▶ **EXERCISE REQUIREMENTS**
Scan the records below for the line with "Cute redhead nude by a window" and the line with "Street vendor on". Repeat those two lines and every line between them exactly, and nothing else.

▶ **INFORMATION**
--

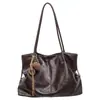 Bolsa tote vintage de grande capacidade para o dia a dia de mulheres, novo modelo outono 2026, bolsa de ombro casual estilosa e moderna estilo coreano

--

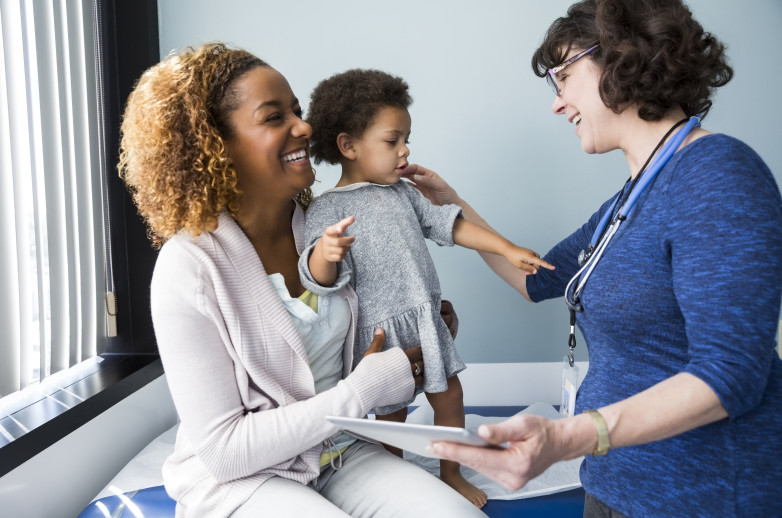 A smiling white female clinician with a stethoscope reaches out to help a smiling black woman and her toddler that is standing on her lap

--

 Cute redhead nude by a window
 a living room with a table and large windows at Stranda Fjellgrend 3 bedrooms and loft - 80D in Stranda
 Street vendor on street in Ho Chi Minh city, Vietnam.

--

▶ **ANSWER SPACE**
 Cute redhead nude by a window
 a living room with a table and large windows at Stranda Fjellgrend 3 bedrooms and loft - 80D in Stranda
 Street vendor on street in Ho Chi Minh city, Vietnam.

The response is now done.